Excerpted data:
--- START ---

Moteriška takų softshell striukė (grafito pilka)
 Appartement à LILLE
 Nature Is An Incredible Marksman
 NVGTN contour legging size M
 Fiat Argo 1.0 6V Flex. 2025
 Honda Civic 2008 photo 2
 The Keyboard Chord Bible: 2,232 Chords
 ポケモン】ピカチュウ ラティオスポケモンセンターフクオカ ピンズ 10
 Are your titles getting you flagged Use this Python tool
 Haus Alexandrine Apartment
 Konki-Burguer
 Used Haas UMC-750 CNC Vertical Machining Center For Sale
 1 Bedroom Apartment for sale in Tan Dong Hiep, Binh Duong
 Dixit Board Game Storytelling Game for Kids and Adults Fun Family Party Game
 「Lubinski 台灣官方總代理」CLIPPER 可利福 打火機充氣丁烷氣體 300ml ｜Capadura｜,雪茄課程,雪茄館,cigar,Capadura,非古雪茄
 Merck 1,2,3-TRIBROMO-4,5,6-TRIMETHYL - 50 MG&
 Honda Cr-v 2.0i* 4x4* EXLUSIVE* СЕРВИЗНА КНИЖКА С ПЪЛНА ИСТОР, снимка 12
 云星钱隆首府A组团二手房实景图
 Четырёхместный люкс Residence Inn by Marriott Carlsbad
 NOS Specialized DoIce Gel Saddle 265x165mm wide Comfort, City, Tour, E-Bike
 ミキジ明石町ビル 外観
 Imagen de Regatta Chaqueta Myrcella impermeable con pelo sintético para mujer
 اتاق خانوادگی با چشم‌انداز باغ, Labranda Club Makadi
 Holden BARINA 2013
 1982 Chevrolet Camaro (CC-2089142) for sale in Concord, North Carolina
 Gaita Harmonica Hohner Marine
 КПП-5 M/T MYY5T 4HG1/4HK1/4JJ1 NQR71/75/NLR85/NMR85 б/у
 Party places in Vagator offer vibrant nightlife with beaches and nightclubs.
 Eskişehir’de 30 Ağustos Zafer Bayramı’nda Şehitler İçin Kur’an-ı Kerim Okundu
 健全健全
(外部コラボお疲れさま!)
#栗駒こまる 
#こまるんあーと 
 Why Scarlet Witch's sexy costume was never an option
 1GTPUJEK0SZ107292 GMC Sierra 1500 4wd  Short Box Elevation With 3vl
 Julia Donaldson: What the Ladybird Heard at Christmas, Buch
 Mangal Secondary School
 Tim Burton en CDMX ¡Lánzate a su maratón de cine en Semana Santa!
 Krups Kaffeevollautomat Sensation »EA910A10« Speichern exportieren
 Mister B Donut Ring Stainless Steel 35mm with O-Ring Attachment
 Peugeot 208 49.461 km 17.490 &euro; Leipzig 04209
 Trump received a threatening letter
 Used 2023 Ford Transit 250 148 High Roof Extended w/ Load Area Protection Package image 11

--- END ---

Write out an exact transcription of the line with "Mister B Donut" and of each line after it; stop at the end of the records.

Answer box:
 Mister B Donut Ring Stainless Steel 35mm with O-Ring Attachment
 Peugeot 208 49.461 km 17.490 &euro; Leipzig 04209
 Trump received a threatening letter
 Used 2023 Ford Transit 250 148 High Roof Extended w/ Load Area Protection Package image 11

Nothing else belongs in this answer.